Pictures with short captions
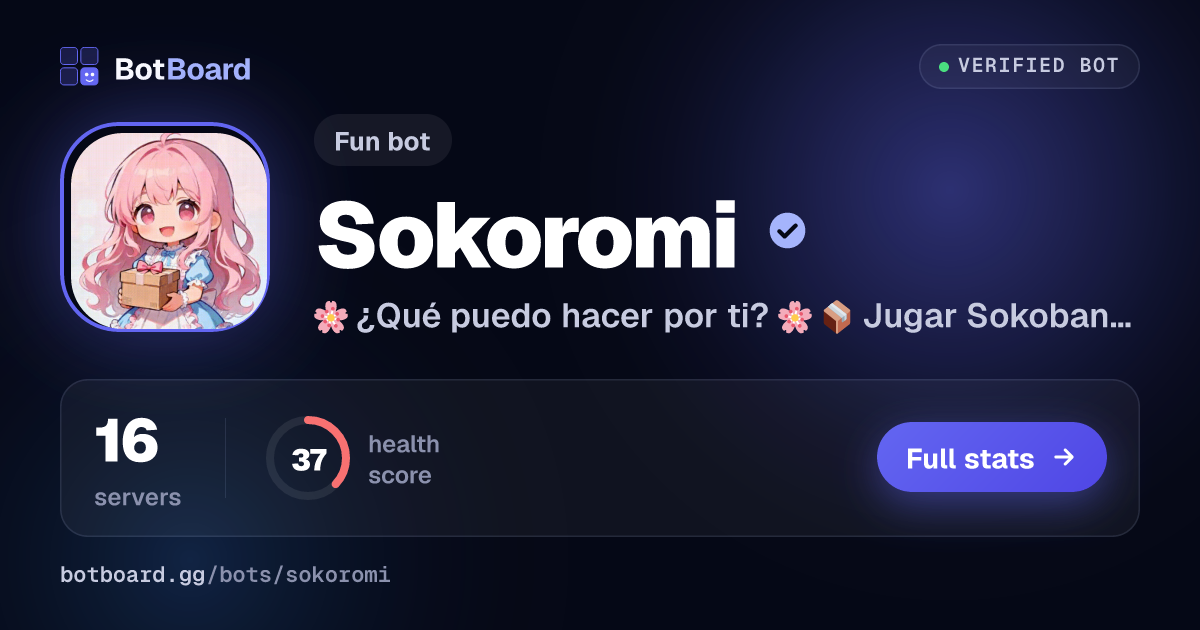 Share card for Sokoromi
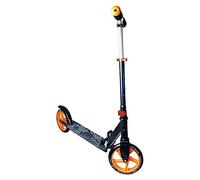 muuwmi Trottinette en Aluminium - 200 mm - ABEC 5 - Homologuée GS - Hauteur réglable - Noir/Orange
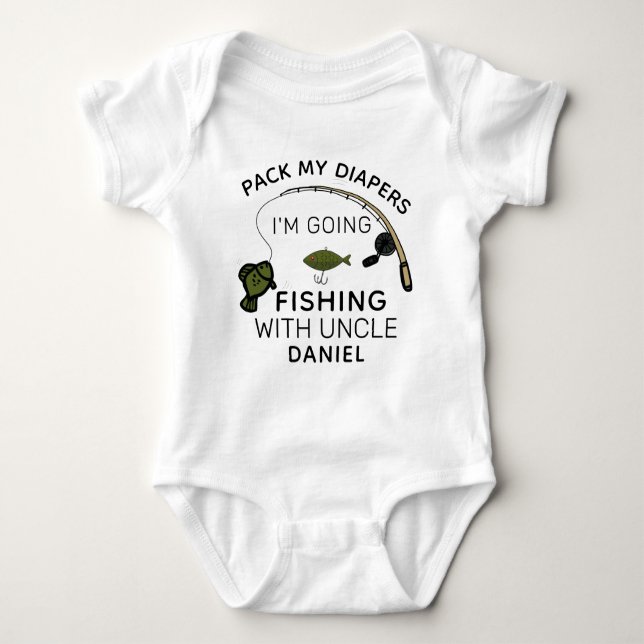 Onkel Fishing - Onkel Fishing Buddy Baby Strampler (Vorderseite)
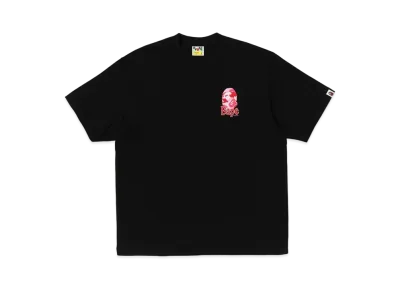 A BATHING APE Flora Ape Head Relaxed Fit Tee "Black"
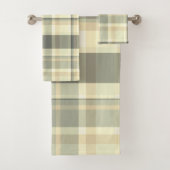 Karierte Fall Shades Weizen, Beige, Grau Badhandtuch Set (Insitu)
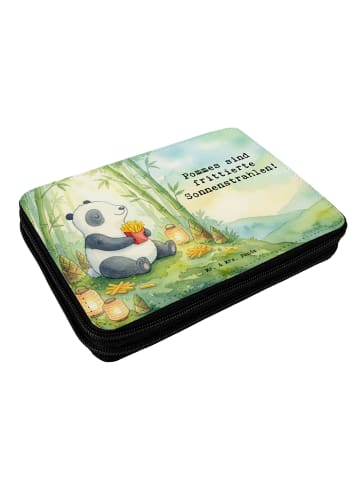 Mr. & Mrs. Panda Mäppchen Panda beflügelt Pommes Design mit Spruch in Weiß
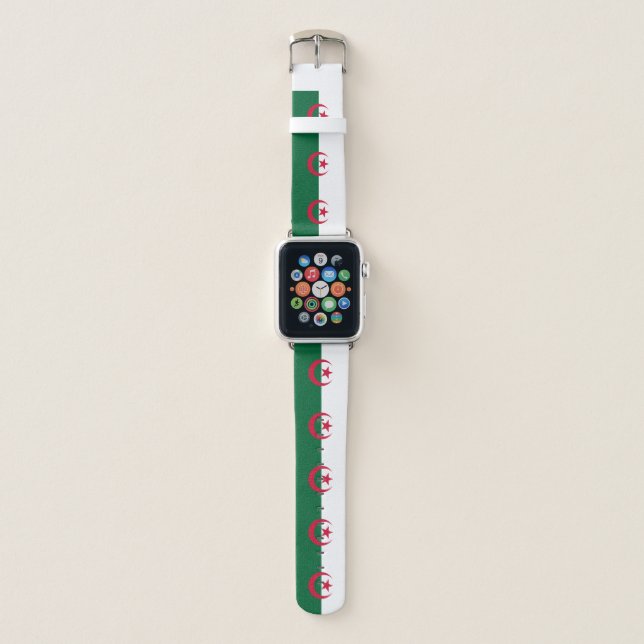 Patriotic Algerian Flag Apple Watch Band (Front)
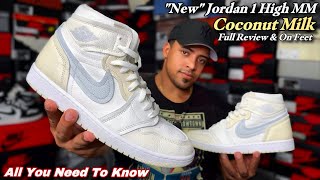 First Time  Jordan 1 High MM Coconut Milk  Full Review & On Feet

> [Your assignment] From the line containing "A BATHING APE" down to the last line of the data, print every line exactly and nothing else. Pictures stay out of the copy.

> [Task answer]
 A BATHING APE Flora Ape Head Relaxed Fit Tee "Black"
 Karierte Fall Shades Weizen, Beige, Grau Badhandtuch Set (Insitu)
 Mr. & Mrs. Panda Mäppchen Panda beflügelt Pommes Design mit Spruch in Weiß
 Patriotic Algerian Flag Apple Watch Band (Front)
 First Time  Jordan 1 High MM Coconut Milk  Full Review & On Feet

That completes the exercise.